What you need to do:
Return the line that has "JOOP! Sakko Slim Fit: BLAU" and all lines below it through the last, exactly as they stand; omit pictures.

Material for the task:
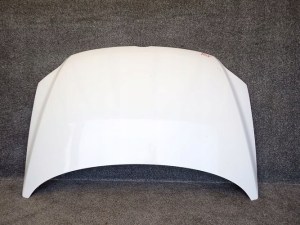 VW FOX PREDNÁ KAPOTA VW FOX PREDNÁ KAPOTA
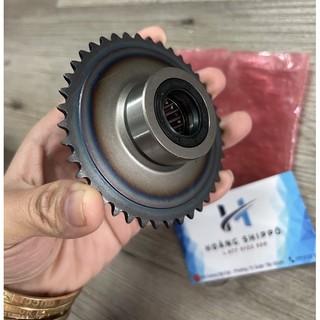Dĩa đề wave alpha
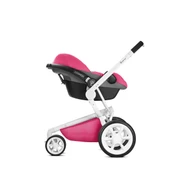 Quinny Moodd Bebek Arabası / Pink Passion - 2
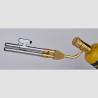 Buy cheap ISO9001 Certified Hand-Held Butane Outdoor Welding Torch for MAPP Propane Gas Flame Gun from wholesalers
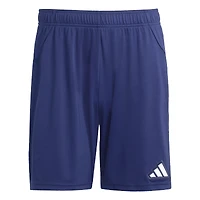 Men's adidas Navy New England Revolution 2025 Archive Collection Authentic Shorts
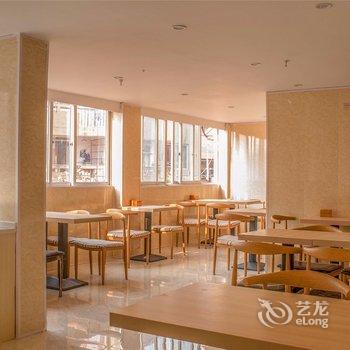 温州平阳怡家精品连锁酒店(昆阳店)酒店提供图片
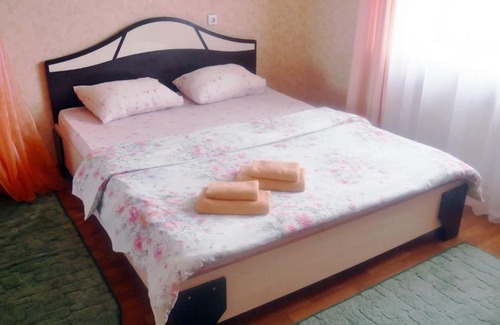 Pskov Old Town Apartment | Уютна квартира у Кремля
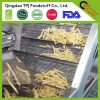 Frozen Food French Fries Mccain Potato Chips Shoestring Fry (7-12mm) IQF Vegetable French Fries Straight Cut & Crinkled Frozen French Fries High Quality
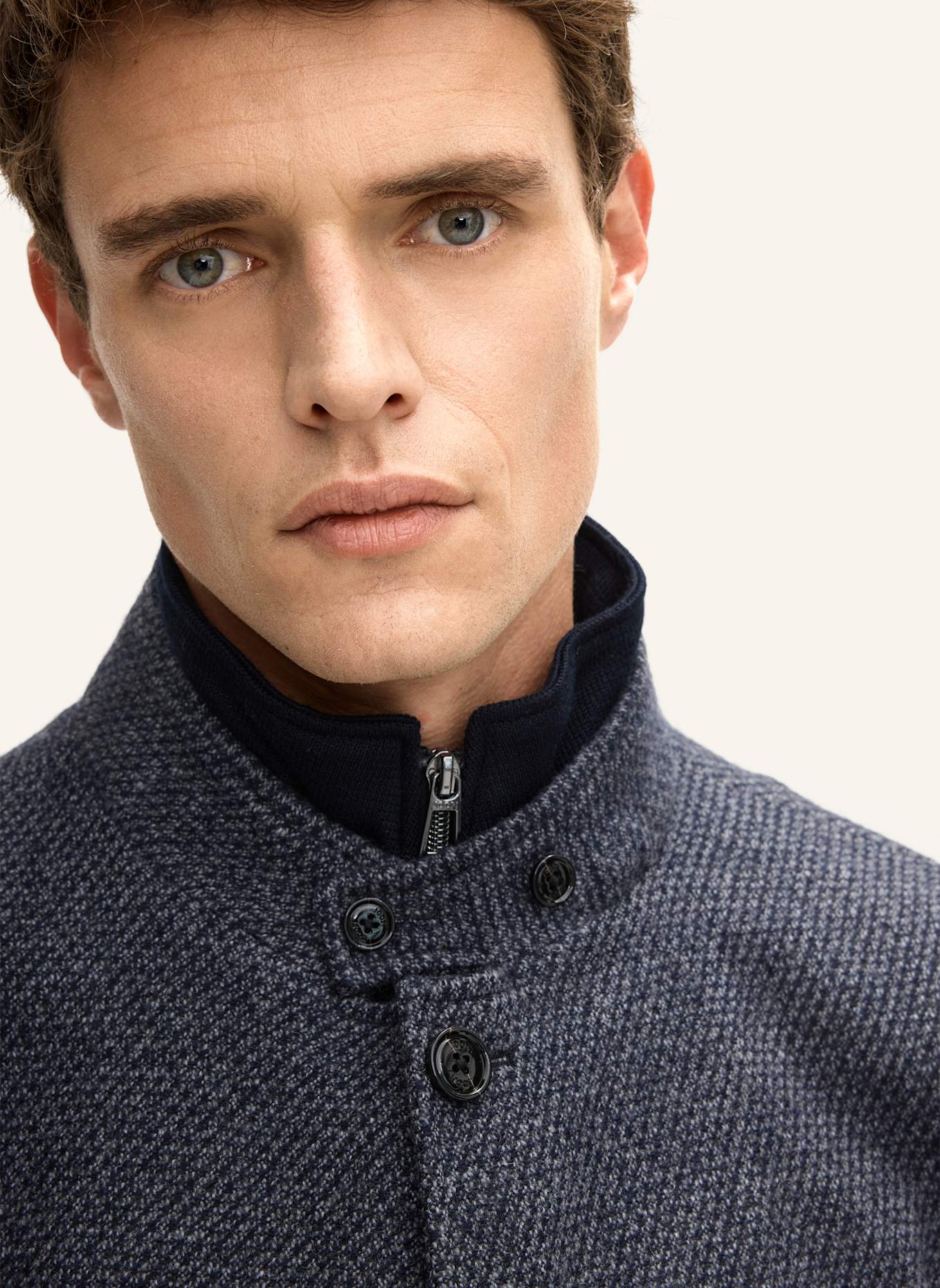 JOOP! Sakko Slim Fit: BLAU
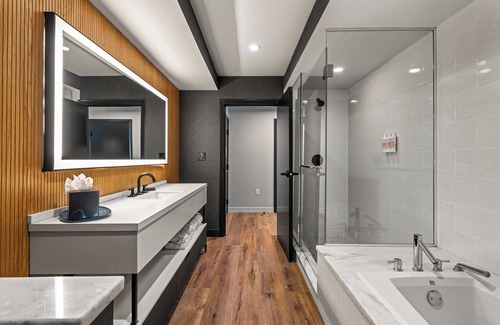 Norwalk Hotel | The Watershed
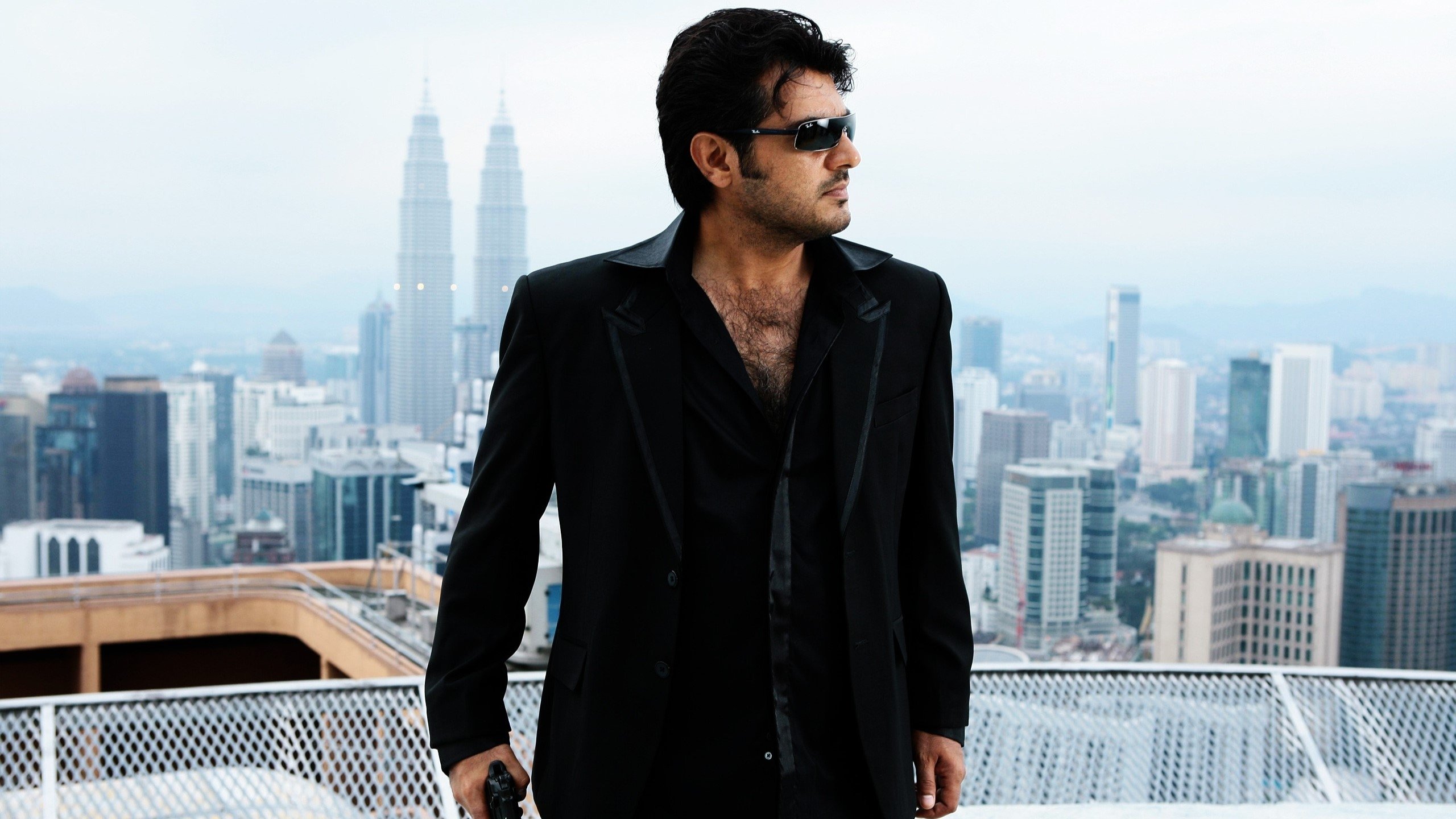 Billa Background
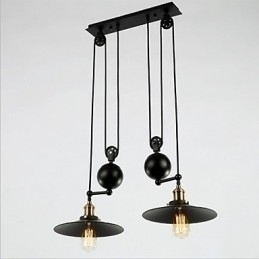 Designer Touch Decorative Creative Metal Pendant Ligh Modern Pendant Lamps Cafe Pendant Lamp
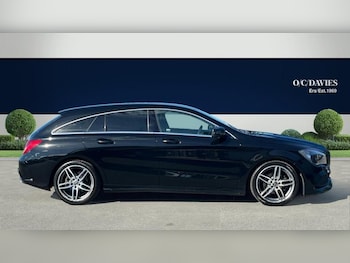 Used Mercedes-Benz CLA 2019 for sale - 79077092: Photo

Response:
 JOOP! Sakko Slim Fit: BLAU
 Norwalk Hotel | The Watershed
 Billa Background
 Designer Touch Decorative Creative Metal Pendant Ligh Modern Pendant Lamps Cafe Pendant Lamp
 Used Mercedes-Benz CLA 2019 for sale - 79077092: Photo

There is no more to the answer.